Peki bu incelemeden sonra
yazara göre şu an dünyanın karşısındaki en büyük zorluk nedir
sizce?
Çocuklarımıza neleri
öğretmeliyiz derken, Dünya genelinde toplumları şekillendiren ve
gezegenimizin tamamının geleceğini etkileme olasılığı taşıyan önemli etkenler
kitapta soru cevap ve çözüm önerileriyle birlikte işleniyor.

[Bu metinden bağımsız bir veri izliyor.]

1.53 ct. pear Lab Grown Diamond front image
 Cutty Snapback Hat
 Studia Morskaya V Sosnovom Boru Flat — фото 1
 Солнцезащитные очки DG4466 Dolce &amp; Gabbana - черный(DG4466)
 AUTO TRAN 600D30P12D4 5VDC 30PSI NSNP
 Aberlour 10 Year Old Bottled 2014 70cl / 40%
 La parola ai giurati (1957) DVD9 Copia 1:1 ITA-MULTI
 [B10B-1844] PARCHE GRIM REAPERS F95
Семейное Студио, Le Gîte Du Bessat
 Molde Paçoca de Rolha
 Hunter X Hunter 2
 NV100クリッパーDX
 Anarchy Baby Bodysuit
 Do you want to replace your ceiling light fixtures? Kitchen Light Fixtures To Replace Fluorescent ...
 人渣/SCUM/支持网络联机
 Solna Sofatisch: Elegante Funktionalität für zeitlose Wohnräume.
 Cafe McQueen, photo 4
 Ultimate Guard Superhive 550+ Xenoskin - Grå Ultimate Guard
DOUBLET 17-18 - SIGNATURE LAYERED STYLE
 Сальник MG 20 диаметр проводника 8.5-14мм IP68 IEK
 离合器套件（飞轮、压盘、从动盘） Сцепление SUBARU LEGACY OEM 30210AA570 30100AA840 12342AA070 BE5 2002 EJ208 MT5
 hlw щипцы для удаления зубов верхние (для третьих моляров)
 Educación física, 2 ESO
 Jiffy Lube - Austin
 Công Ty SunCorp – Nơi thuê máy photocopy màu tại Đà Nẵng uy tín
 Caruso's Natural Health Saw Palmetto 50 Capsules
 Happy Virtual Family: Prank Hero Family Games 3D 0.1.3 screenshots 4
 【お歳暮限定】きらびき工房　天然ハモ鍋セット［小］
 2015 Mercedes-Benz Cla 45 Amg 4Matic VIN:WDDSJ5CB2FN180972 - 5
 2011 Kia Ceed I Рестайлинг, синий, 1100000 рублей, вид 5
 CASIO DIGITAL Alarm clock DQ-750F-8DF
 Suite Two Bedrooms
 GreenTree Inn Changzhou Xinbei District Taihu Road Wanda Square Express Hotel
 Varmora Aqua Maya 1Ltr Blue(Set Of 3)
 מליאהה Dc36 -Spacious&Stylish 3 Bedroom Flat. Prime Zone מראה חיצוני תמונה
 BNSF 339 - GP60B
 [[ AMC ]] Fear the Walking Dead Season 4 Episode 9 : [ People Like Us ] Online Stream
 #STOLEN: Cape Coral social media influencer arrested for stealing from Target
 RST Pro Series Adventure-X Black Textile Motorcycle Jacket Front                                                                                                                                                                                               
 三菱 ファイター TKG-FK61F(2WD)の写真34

Özel hayatından
kesitleri de taşıyan kitabı okurken kendisinin de bir çözüm arayışında olduğunu
görebiliyoruz.
Harari eserlerinde her ne
kadar aralıksız değişimlerle başa çıkmanın zorluğundan bahsetse de umudu hakim
kılmaya çalışmış. Daha fazla özgürlükler ile topluma nefes vermek mümkün ve
insanlığın tarih boyunca altından kalkamayacağı bir sorun yoktur deniliyor.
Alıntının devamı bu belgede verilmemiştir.